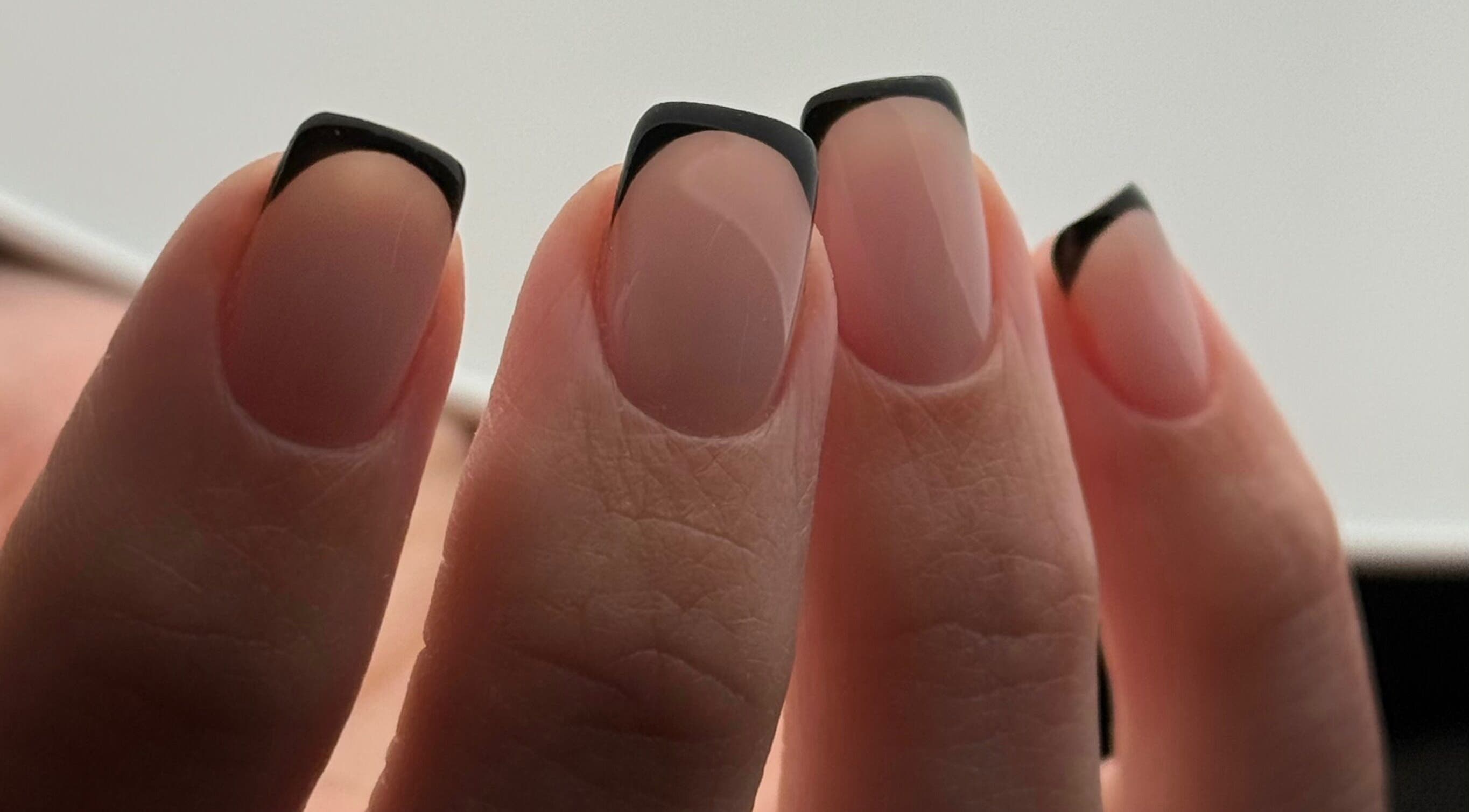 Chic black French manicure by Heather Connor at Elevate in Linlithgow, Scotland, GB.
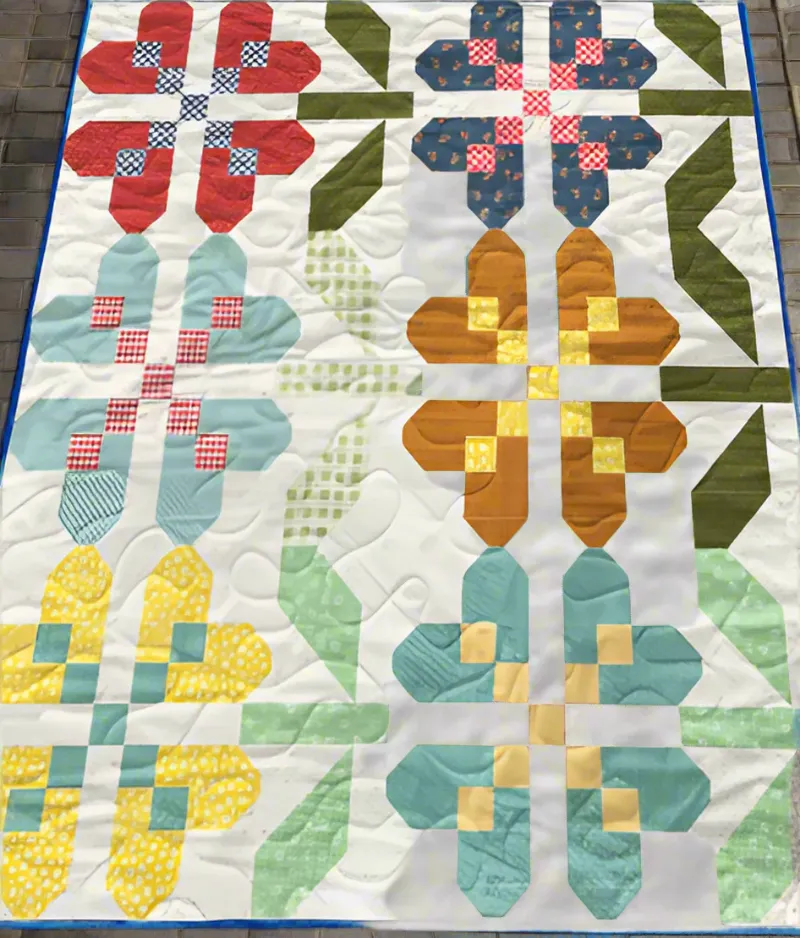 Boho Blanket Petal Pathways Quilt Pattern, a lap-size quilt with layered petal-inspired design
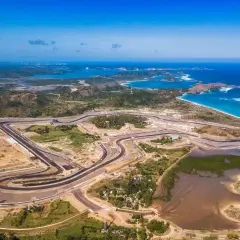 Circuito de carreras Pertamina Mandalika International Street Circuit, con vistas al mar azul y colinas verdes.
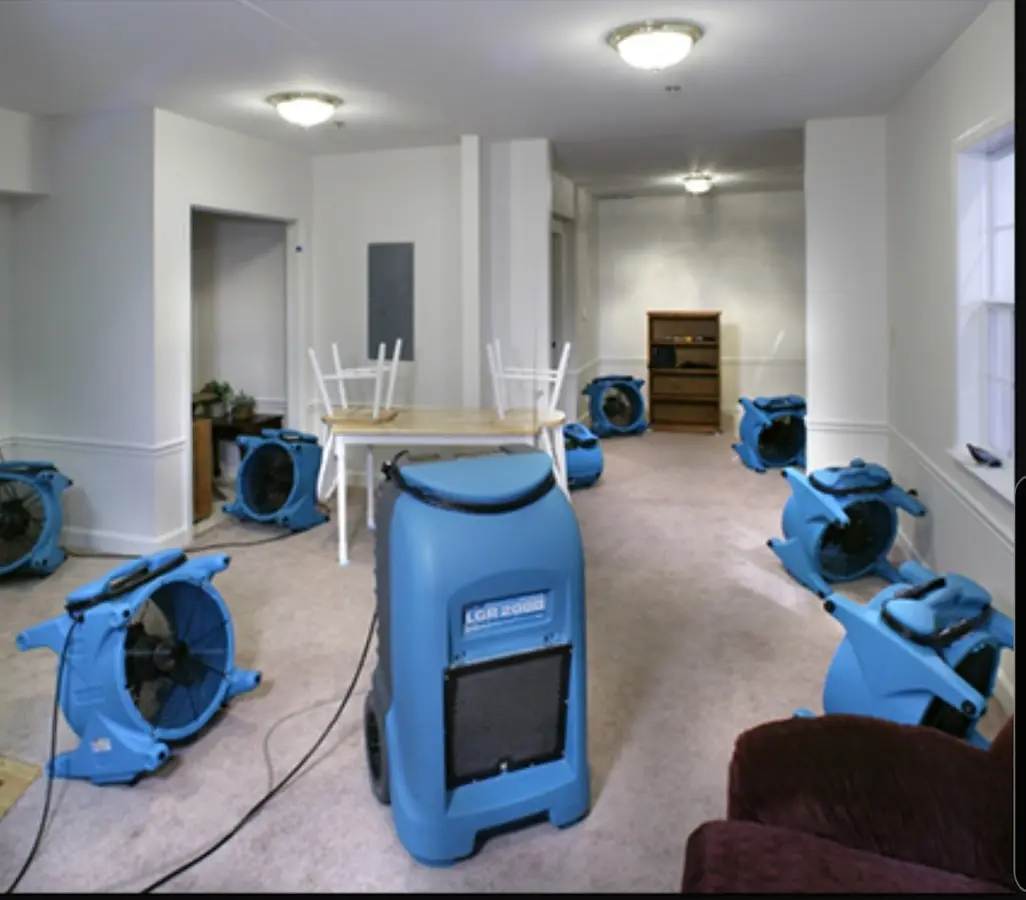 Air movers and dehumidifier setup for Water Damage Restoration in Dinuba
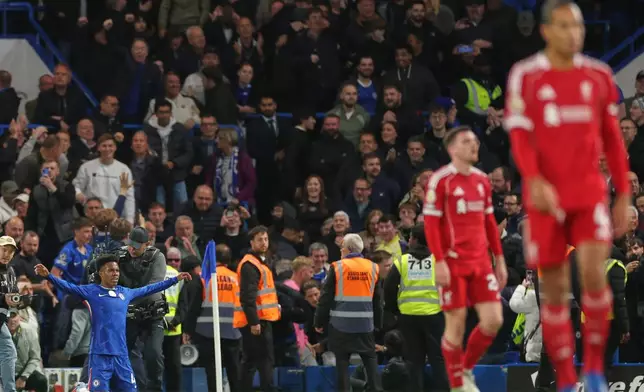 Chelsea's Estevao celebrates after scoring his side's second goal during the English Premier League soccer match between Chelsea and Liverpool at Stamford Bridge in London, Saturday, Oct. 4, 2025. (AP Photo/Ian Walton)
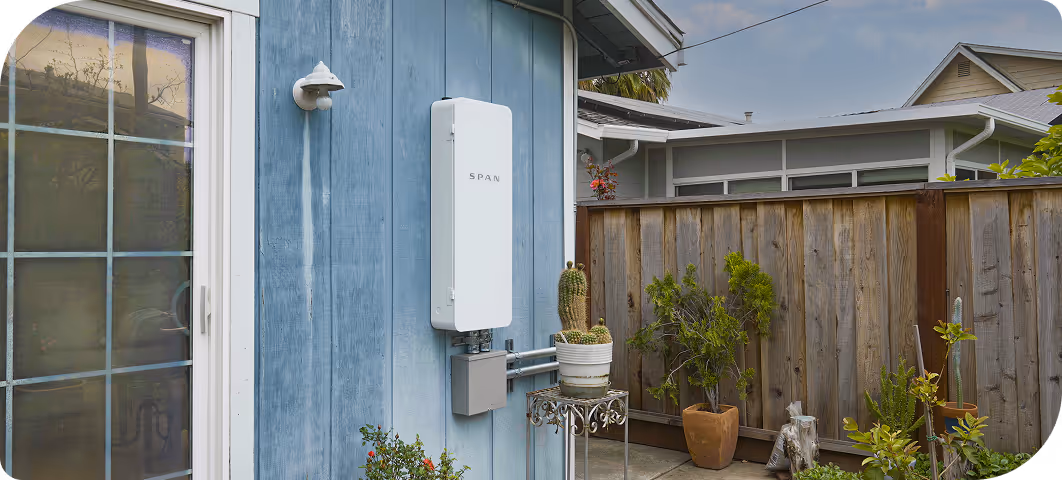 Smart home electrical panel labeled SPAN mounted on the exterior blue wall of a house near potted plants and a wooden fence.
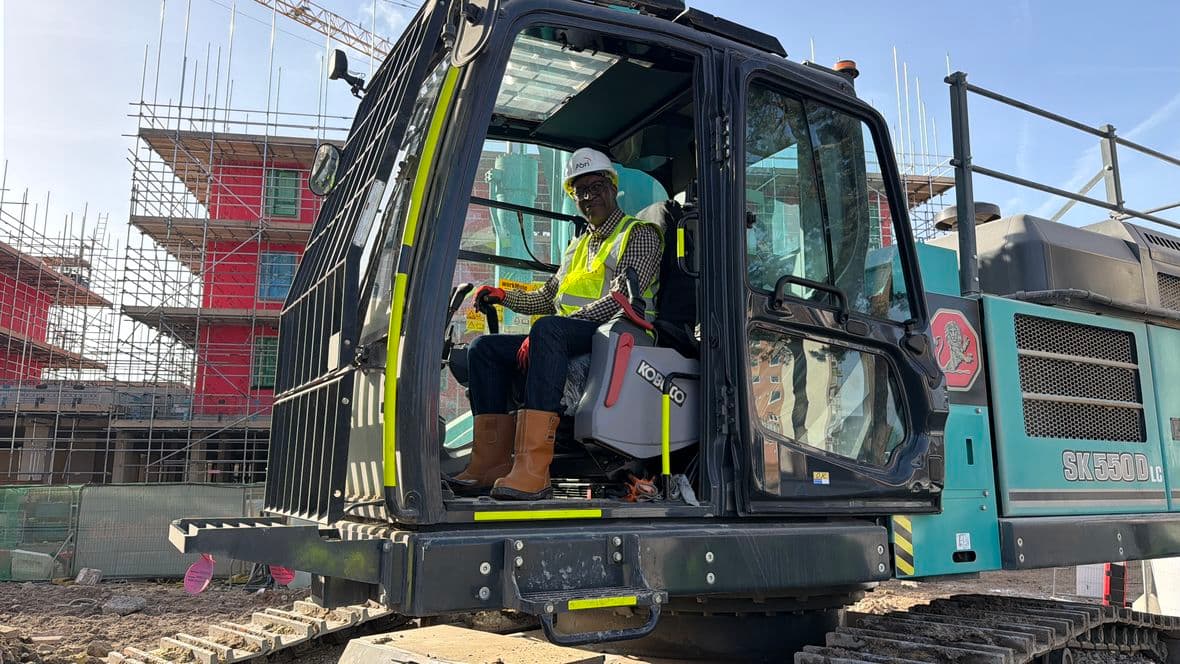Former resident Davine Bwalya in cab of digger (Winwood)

Required work:
With the pictures excluded, transcribe word for word only the lines from the one containing "Boho Blanket Petal" through the last line of the records.

Expected answer:
 Boho Blanket Petal Pathways Quilt Pattern, a lap-size quilt with layered petal-inspired design
 Circuito de carreras Pertamina Mandalika International Street Circuit, con vistas al mar azul y colinas verdes.
 Air movers and dehumidifier setup for Water Damage Restoration in Dinuba
 Chelsea's Estevao celebrates after scoring his side's second goal during the English Premier League soccer match between Chelsea and Liverpool at Stamford Bridge in London, Saturday, Oct. 4, 2025. (AP Photo/Ian Walton)
 Smart home electrical panel labeled SPAN mounted on the exterior blue wall of a house near potted plants and a wooden fence.
Former resident Davine Bwalya in cab of digger (Winwood)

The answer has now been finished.